Task input:
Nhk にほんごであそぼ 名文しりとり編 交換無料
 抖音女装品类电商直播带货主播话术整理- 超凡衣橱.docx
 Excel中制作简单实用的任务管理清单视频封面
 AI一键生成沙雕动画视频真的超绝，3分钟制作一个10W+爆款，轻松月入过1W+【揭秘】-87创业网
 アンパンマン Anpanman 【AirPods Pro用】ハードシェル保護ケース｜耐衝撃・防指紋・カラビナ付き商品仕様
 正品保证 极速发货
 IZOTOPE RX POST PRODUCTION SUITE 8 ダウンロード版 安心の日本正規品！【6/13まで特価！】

Directions for this task: Exactly as they stand, write out all of the entries.

Task solution:
Nhk にほんごであそぼ 名文しりとり編 交換無料
 抖音女装品类电商直播带货主播话术整理- 超凡衣橱.docx
 Excel中制作简单实用的任务管理清单视频封面
 AI一键生成沙雕动画视频真的超绝，3分钟制作一个10W+爆款，轻松月入过1W+【揭秘】-87创业网
 アンパンマン Anpanman 【AirPods Pro用】ハードシェル保護ケース｜耐衝撃・防指紋・カラビナ付き商品仕様
 正品保证 极速发货
 IZOTOPE RX POST PRODUCTION SUITE 8 ダウンロード版 安心の日本正規品！【6/13まで特価！】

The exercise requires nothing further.